Well, what I mean by the parent thread holding the lock is the following:
the saveNamespace method is synchronized in the FSNamesystem and currently while holding this lock, the handler thread walks the tree N times and writes N files, so in a way we assume that the tree is guarded from all the modifications by the FSNamesystem lock.
The same is true for the patch, except in this case we are walking the tree by N different threads. But operating under the same assumptions that while we are holding the FSNamesystem lock the tree is not being modified, and the handler thread is waiting for all worker threads to finish writing to their files before returning from the section synchronized on FSNamesystem.
We just deployed this patch internally to our production cluster:
2010-06-22 10:12:59,714 INFO org.apache.hadoop.hdfs.server.common.Storage: Image file of size 11906663754 saved in 140 seconds.
2010-06-22 10:13:50,626 INFO org.apache.hadoop.hdfs.server.common.Storage: Image file of size 11906663754 saved in 191 seconds.
This saved us 140 seconds on the current image.
As far as both copies being on the same drive is concerned - I guess this patch will not give much of an improvement.

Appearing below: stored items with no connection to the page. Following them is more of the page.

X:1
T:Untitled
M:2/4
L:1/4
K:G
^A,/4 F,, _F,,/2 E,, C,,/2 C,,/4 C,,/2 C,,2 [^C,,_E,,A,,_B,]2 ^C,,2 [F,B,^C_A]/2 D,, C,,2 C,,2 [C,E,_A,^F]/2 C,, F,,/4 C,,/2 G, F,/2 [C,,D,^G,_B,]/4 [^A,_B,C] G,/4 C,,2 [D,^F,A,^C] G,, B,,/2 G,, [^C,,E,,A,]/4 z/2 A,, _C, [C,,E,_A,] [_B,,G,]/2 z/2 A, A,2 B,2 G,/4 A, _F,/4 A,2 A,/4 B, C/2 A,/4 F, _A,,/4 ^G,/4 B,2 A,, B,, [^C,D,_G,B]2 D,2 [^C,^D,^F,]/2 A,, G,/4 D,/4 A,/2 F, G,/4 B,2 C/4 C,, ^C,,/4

However I am not sure there is much value in storing two copies of the image on the same drive?
Please correct me if I am wrong, but I thought that multiple copies of the image should theoretically be stored on different drives to help in case of drive failure (or on a filer to protect against machine dying), and storing two copies on the same drive only helps with file corruption (accidental deletion) and that is a weak argument to have multiple copies on one physical drive?
I like your approach with one thread doing serialization and others doing writes, but it seems like it is a lot more complicated than the one in this patch.
Because I am simply executing one call in a new born thread, while with serializer-writer approach there will be more implementation questions, like what to do with multiple writers that consume their queues at different speeds. You cannot grow the queue indefinitely, since the namenode will simply run out of memory, on the other hand you might want to write things out to faster consumers as quickly as possible.
And the main benefit I see is only doing serialization of a tree once, but since we are holding the FSNamesystem lock at that time the NameNode doesn't do much anyways, it is also not worse than what was in place before that (serialization was taking place once per image location).